Hello love and life.

I’m an ardent reader of your column on weekends. I never knew I’d have to share my own story soon.

My mother and I live alone in Port Harcourt since my dad divorced her when I was small. I have a younger sister, who is serving in Kano State. She chose not to come home because she complains of being bored and she kind of doesn’t get along with my mum.

Something happened last weekend and I’ve been really thinking. I woke up to see my mum stroking my penis. I was so shocked I couldn’t say a word. She just knelt there with my penis in her hands, stroking and staring at it.

Later in the day, I summoned enough guts to talk to her about it and she told me she wanted to make sure her son is a real man. I was angry but I tried not to let it show.

I think I’m beginning to see why my girlfriend doesn’t feel comfortable with her. She once alleged that my mother caressed her breasts and said she wanted to know what her son is enjoying.

Please, this is really embarrassing. Please what can I do?

Hello anonymous writer, 

Let me, first of all, empathise with you over your experience. What occurred was distasteful and should not have been done by someone close to you, particularly your mother.

It was also great to learn that you did not express your anger towards your mum over the unfortunate incident. The ability to keep your composure was top-notch and should be adopted by all men, no matter the circumstance.

Having said that, it is very evident that your mum has missed that emotional and titillating warmth that she would expect from her divorced husband or any man. She is obviously lonely and starved of sex, which is why she has carried act such salacious acts on you and your girlfriend.
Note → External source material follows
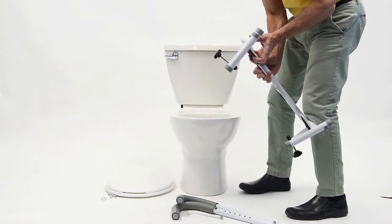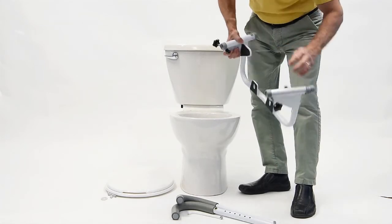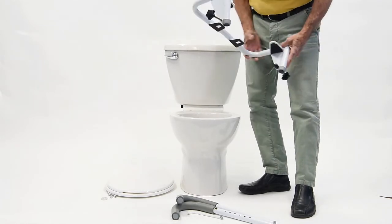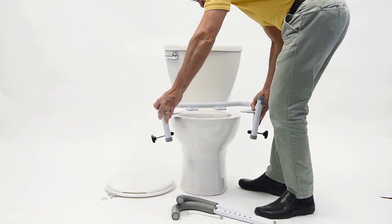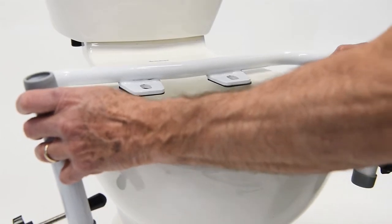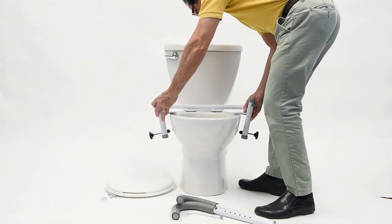Pick up the main section of the Ultra Frame and ensure you back off the adjustable tension knobs completely. Locate the rear of the frame, indicated by the two holes on the base plate where the toilet seat hardware will be reinserted. Slide the frame over the toilet and line up the Ultra Frame holes of the base plate with those of the toilet itself.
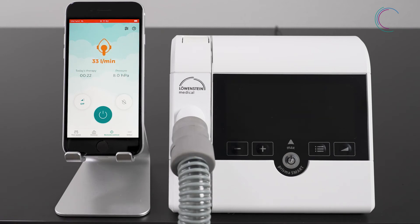When your mask fit is insufficient or there are higher leakages in the course of the therapy, you will see an orange colored mask symbol. Please improve your mask fit to ensure an effective therapy.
I will suggest that you should not push her aside, as it would lead to more emotional and psychological trauma for her. My advice to you is that you should have another conversation with her, a deep-rooted one this time around, and let her know that it is not bad for her to express her true feelings. However, tell her that she should express it in a proper way and not by committing incest with her children or potential daughter-in-law.

Advice her to register on dating sites to look for potential male partners. Although it can be hard to really determine the intention of the heart of human beings online, let her give it a shot by listing her criteria for the kind of man she wants. However, you and your other siblings must help your mum conduct a background check on her selected choice in order to avoid stories that touch.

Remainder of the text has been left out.